I live in the mountains of Western North Carolina (in a little valley, actually), and I'd like for the name to reflect that if possible. Unfortunately, there's no German word for 'hominy' or it would be much easier...


----------



## Bob Scott (Mar 30, 2006)

I would guess that you would have to register the kennel name in order to use it for tax write offs. That or prove you belong to some type of SAR or PD unit.
Registering with AKC requires breeding records that cover so many years, etc. JMO!


----------



## Kristen Cabe (Mar 27, 2006)

It was suggested to me by my TD, and since I _will_ be having a litter next year (no jokes about me having a litter, please :lol: ), it's for that reason as well.


----------



## Mike Schoonbrood (Mar 27, 2006)

OK no jokes about you having a litter next year........ but if you have quintuplets make sure to take lotsa pics


----------



## Nancy Jocoy (Apr 19, 2006)

böser seifiger Mais

So you know what I think of hominy


----------



## Maren Bell Jones (Jun 7, 2006)

I remember the one time I drove through Western Virginia and Virginia (yes, not NC, I know), I remember there being a decent amount of mist in the mountains in the morning. I used Babblefish, so the translation's probably wonky if you're wanting German. How about "nebelige Berge," which supposedly means misty mountains, or "nebeliges Tal," or misty valley. Or go with the old standby of von Cabe (or vom?). Sorry, not real original on either way.


----------



## Jerry Lyda (Apr 4, 2006)

How about, Von Der Zwinger Cabe


----------



## Kristen Cabe (Mar 27, 2006)

:razz: Mike. If I have quintuplets next year, I doubt I'll have much time to post online! Gosh, I hope that doesn't happen! [-o< If it does, it'll be God's will, I guess!

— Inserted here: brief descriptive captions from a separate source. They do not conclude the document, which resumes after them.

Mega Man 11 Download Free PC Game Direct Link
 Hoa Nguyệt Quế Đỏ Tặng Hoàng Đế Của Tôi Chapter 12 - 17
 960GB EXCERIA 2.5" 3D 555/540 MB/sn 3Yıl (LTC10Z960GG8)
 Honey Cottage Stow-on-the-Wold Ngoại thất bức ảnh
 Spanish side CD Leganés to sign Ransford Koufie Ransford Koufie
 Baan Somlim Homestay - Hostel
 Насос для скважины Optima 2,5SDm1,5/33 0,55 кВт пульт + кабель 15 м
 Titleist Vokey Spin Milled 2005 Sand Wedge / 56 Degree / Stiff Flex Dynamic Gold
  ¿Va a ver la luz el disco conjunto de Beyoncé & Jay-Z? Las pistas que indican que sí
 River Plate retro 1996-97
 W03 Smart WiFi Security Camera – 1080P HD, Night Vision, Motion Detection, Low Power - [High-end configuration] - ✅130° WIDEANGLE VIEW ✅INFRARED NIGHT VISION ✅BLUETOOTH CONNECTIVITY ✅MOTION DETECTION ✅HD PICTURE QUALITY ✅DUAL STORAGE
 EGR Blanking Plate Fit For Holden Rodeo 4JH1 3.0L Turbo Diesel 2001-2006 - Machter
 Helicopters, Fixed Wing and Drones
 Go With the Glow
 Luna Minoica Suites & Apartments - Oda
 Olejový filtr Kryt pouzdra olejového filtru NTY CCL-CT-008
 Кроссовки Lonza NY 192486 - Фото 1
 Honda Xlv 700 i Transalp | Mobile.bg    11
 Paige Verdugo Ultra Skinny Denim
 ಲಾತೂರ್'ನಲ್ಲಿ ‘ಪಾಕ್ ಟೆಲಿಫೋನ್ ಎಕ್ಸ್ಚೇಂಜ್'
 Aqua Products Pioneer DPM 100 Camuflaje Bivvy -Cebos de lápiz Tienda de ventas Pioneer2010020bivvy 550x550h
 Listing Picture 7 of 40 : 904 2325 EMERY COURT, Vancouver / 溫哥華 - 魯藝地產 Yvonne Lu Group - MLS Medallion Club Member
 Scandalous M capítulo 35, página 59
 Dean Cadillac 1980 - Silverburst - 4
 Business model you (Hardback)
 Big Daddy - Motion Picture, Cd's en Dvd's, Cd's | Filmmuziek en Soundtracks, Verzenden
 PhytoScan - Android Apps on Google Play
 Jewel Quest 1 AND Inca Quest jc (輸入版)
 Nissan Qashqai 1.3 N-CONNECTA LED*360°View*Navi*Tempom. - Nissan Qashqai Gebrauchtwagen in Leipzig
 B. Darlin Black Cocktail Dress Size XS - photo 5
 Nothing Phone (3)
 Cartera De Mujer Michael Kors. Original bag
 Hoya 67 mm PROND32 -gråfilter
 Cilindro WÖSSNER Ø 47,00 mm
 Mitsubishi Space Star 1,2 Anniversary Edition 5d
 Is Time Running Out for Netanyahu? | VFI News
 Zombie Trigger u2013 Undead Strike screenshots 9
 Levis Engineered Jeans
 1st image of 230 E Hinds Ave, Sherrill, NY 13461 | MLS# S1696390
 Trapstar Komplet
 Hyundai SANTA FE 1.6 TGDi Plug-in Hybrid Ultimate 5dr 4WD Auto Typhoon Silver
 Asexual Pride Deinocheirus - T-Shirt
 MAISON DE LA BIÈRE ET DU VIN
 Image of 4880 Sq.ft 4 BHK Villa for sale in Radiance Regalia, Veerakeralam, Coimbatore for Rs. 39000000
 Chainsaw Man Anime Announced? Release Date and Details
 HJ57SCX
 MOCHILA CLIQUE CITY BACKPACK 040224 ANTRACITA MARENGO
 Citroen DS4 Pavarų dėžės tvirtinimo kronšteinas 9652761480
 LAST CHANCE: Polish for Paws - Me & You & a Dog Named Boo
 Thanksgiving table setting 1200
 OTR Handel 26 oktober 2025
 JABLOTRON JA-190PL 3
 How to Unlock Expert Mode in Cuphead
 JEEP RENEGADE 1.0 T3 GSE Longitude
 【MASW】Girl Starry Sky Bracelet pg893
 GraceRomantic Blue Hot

I don't like hominy, or grits, either, Carol. :-& The name of the area I live is called Hominy Valley, though, so I was hoping to be able to use that, but oh well. I did find an online translation that gave me 'Maisbreital,' but a lady that trains with us said that didn't really translate properly from German, and actually meant wide corn valley, so.... ](*,) :lol:

I _would_ use my name, and make it vom Haus Cabe or whatever, if it wasn't so 'different.' People screw it (my name) up so much as it is, I don't want to make things more difficult by making it part of a kennel name. I can't tell you how many times people mis-pronounce it! It's supposed to be pronounced like 'Kayb,' but people say 'Cave,' 'Cade,' 'Ka-bè' (like it's French or something), 'McCabe,' and even 'Cab.' :roll: :lol: Any more, when we go out to eat, we'll tell the host or hostess that our last name is Smith (my maiden name) or Adams, just to avoid having to spell Cabe (sometimes they _still_ get it wrong even when we spell it for them) or we just have to listen closely because it might be mis-pronounced and then we miss getting a table. I know, I know... :-({|= 



Our mountains _are_ known as The Great Smokies, so something like you suggested would work, Maren. I like vom Nebelige Berge alright. I'm writing all the suggestions that I get down, so I can go through and pick out the ones I like best, and then check and make sure they aren't already in use. I certainly don't want to steal someone else's kennel name! 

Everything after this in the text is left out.